Меня тоже загоняли с улицы в школу. Так было заманчиво вырваться из душного класса на мороз, на снег! Я не курил, так как был пловцом, подающим надежды, но этот недочет компенсировал всеми остальными пороками школьного возраста. В мое время Лафер сменил гимнастерку на видавший виды пиджак. Говорил с прежним акцэнтом. Математику давал так же гениально. Все его обожали.
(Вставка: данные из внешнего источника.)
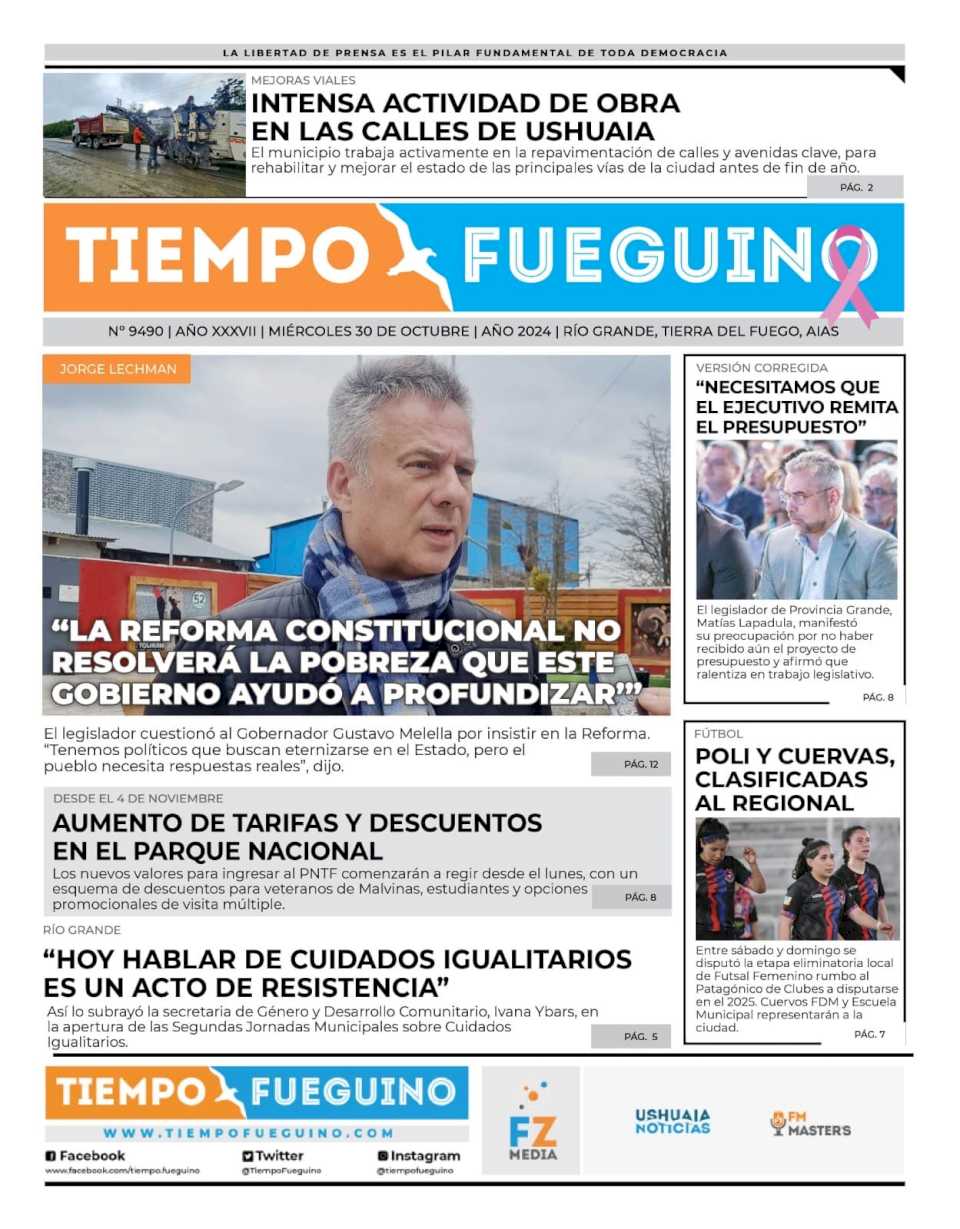 Portada del miércoles 30 de octubre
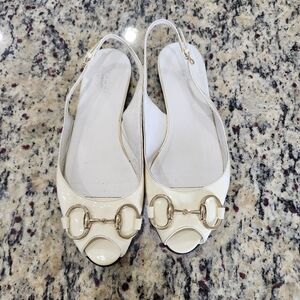 White Gucci Slingback Shoes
Тени, тени… Из Анненкирхе выходит пастор Бахман. Он не один. С ним два чекиста. Чекисты молодые, застенчивые. Прихожане отворачиваются, будто ничего не произошло. Действительно, ничего особенного не произошло. Хотя ещё непривычно. 1934 год. Пастор сосредоточен, не суетлив. Он-то понимает, что это – конец не только ему, конец лютеранству и истинной вере в Совдепии. По поводу веры он не ошибся. Сам пастор выжил. Почти единственный. Пасторат Евангелической Церкви, состоявший более чем из 2000 членов, был уничтожен. Уцелело 3 человека. После лагерей в 1955 году пастор Евгений Бахман получил место для жительства в Акмоле, где создал единственную официально разрешенную в 1957 году лютеранскую общину. Кирха же ушла в небытие – 1-го августа 1935 года превратилась в кинотеатр имени восставшего раба. Улицу переименовали раньше – в 20-х годах.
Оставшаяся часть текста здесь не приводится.